(Records Opens)

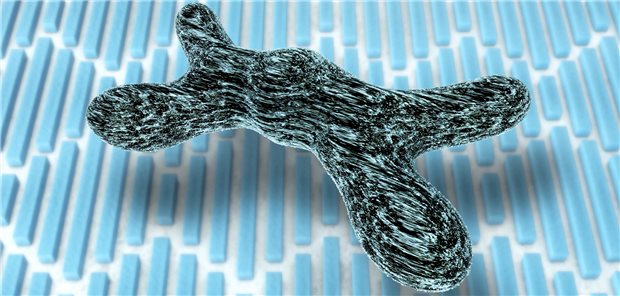 X-Chromosom. Welche Bedeutung haben hier lokalisierte Gene für den unterschiedlichen Verlauf von Herz-Kreislauf-Erkrankungen bei Männern und Frauen?
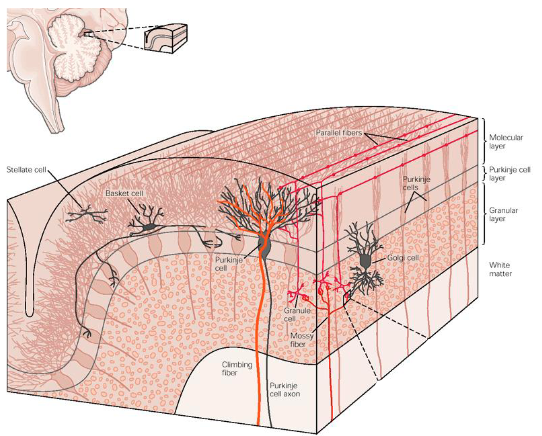<p>Stellate cells</p><p>Basket cells</p><p>Granule cells</p><p>Purkinje cells</p><p>Golgi cells</p>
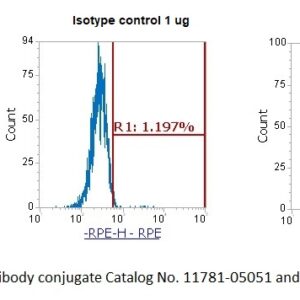 Human Protein S AssayLite Antibody (RPE Conjugate)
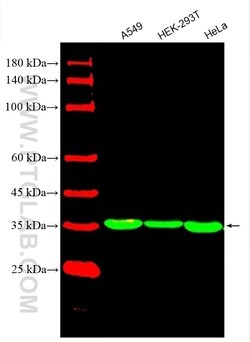 CoraLite Plus 488-conjugated GAPDH Mouse Monoclonal Antibody, Proteintech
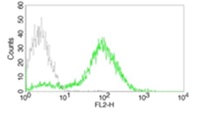 Flow Cytometry - Anti-TREM1 antibody [L5-B8] (AB106153)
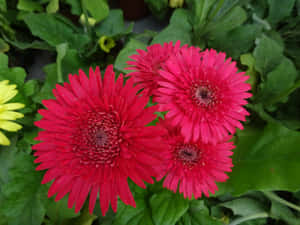 Imágenes de flores hermosas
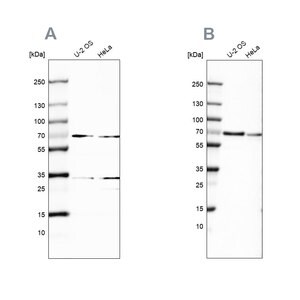 Merck Anti-SNW1 antibody produced in rabbit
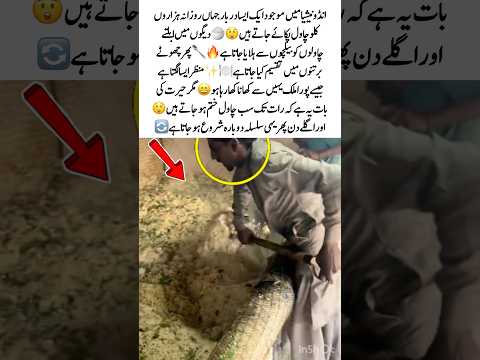 Massive Rice Cooking Every Day🍚🪏#FoodPreparation #AmazingProcess #FoodSupply #ViralScene #USA #UK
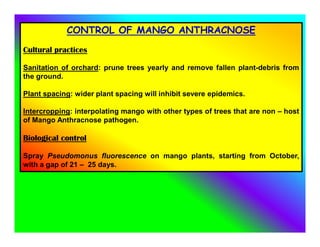 CONTROL OF MANGO ANTHRACNOSE
Cultural practices
Sanitation of orchard: prune trees yearly and remove fallen plant-debris from
the ground.
Plant spacing: wider plant spacing will inhibit severe epidemics.
Intercropping: interpolating mango with other types of trees that are non – host
of Mango Anthracnose pathogen.
Biological control
Spray Pseudomonus fluorescence on mango plants, starting from October,
with a gap of 21 – 25 days.
 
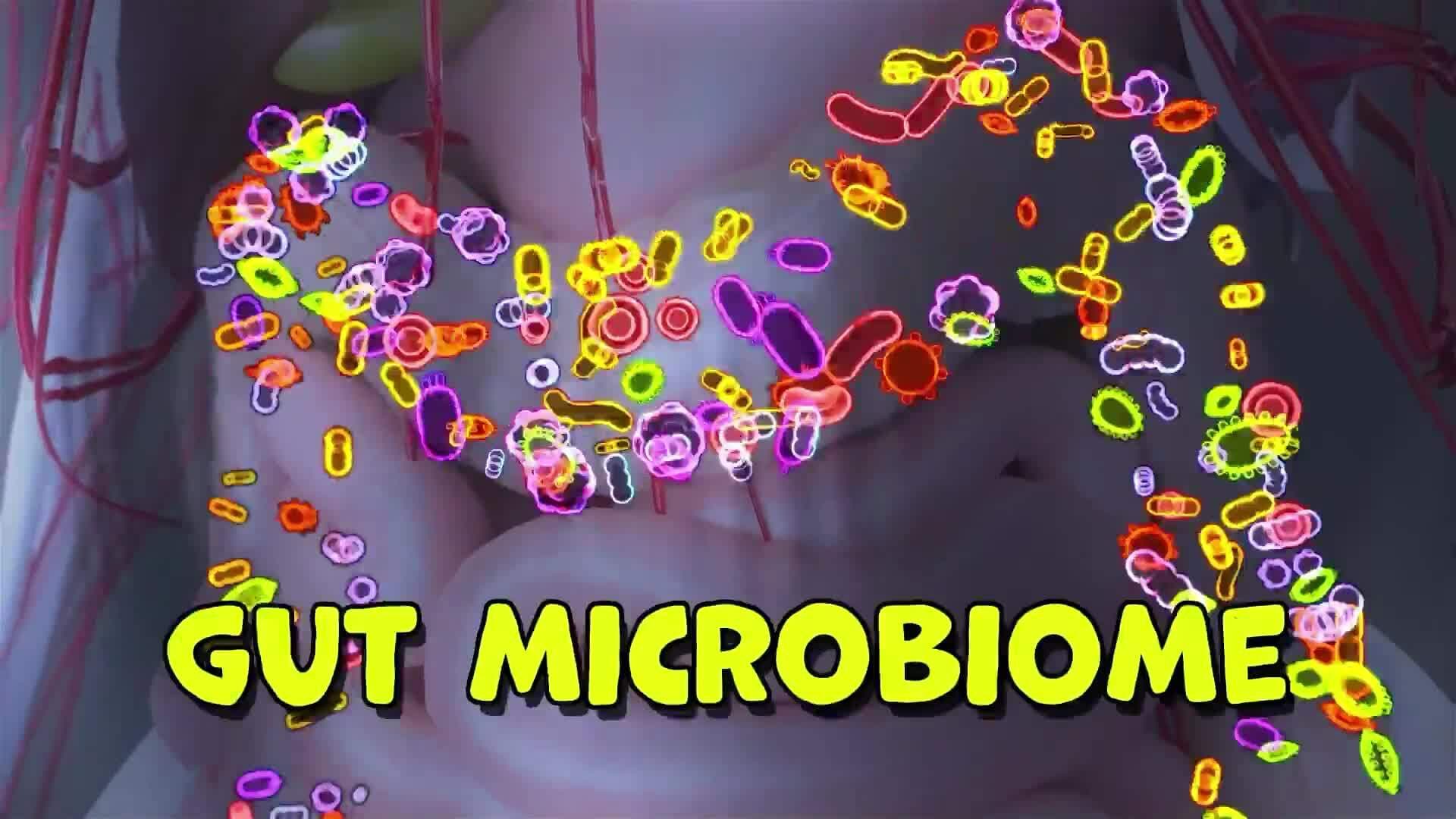 I WONDER - Why Do We Need Bacteria In Our Colon?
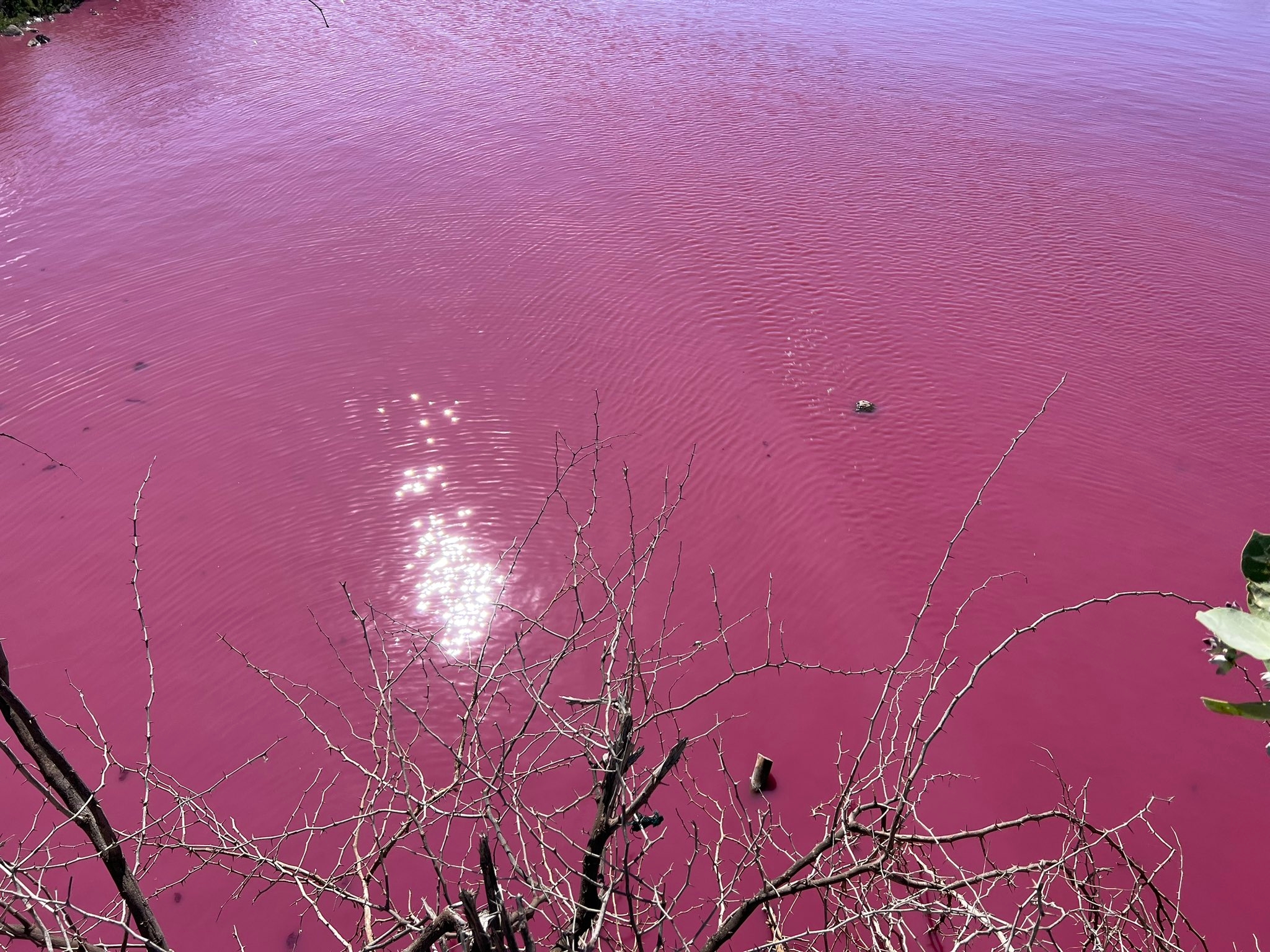 Bright pink Maui water likely caused by bacteria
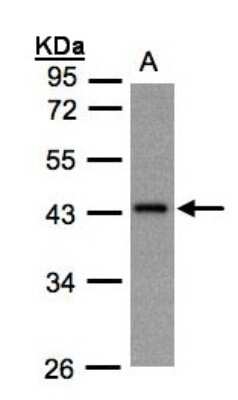 Western Blot: G Protein alpha z Antibody [NBP1-31604]
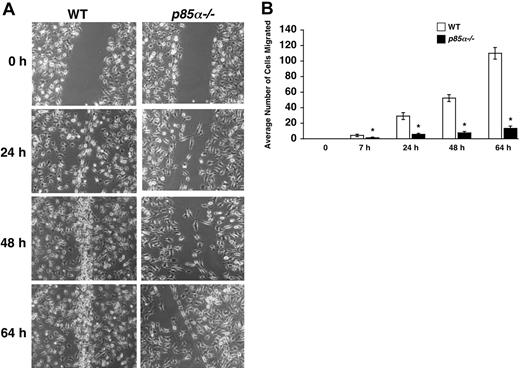 Figure 3. Impaired migration of p85α–/– BMMs in a wound-healing assay. (A) WT and p85α–/– BMMs were cultured for 8 days in 24-well plates in IMDM/20% FBS/100 ng/mL M-CSF. An artificial wound was created in the macrophage monolayer using a pipette tip. Photographs were taken immediately and again at indicated time periods after creating the wound. Data are from one representative experiment. Similar results were obtained in 2 independent experiments. Images were acquired through an Olympus TH3 microscope equipped with a 20×/0.4 objective lens (Olympus, Melville, NY), and were captured with a Nikon HRD100 camera (Nikon, Melville, NY). (B) Quantification of the wound-healing assay. The figure shows the mean number of cells migrated ± SD. Data are from one representative experiment. *P<.05 for WT versus p85α–/–.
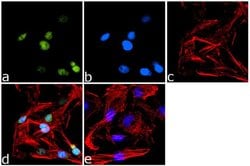 Invitrogen PPAR gamma Polyclonal Antibody 100 &mu;L; Unconjugated:Antibodies,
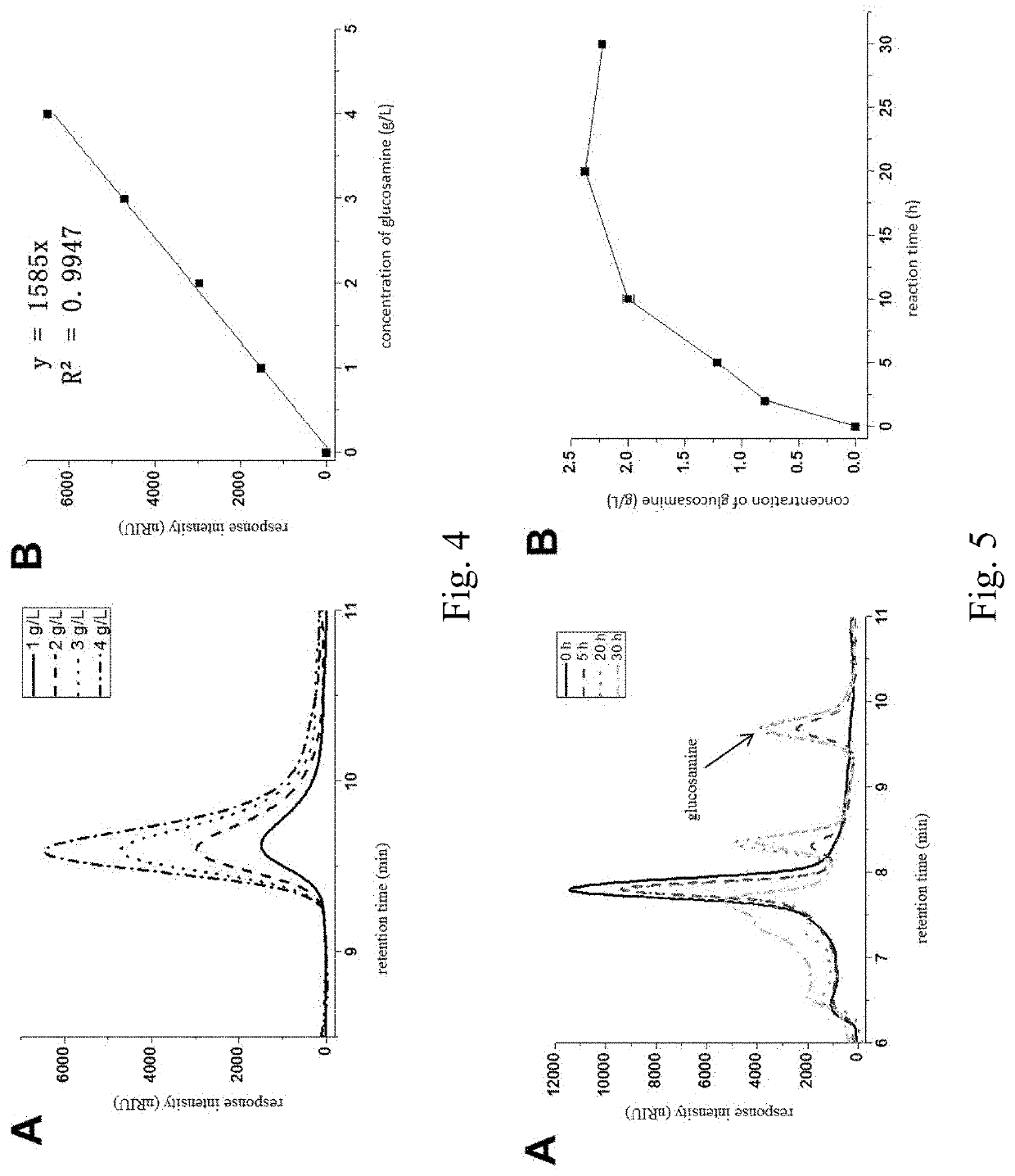 Enzymetic preparation of glucosamine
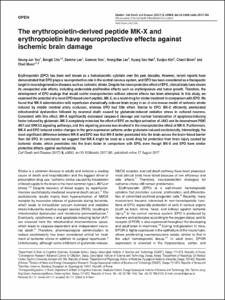 The erythropoietin-derived peptide MK-X and erythropoietin have neuroprotective effects against ischemic brain damage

(Records Closes)

§ **Exercise**: Say how many lines of the entries above include the string "trees", giving the number and nothing else.

§ **Answer to this exercise**: 2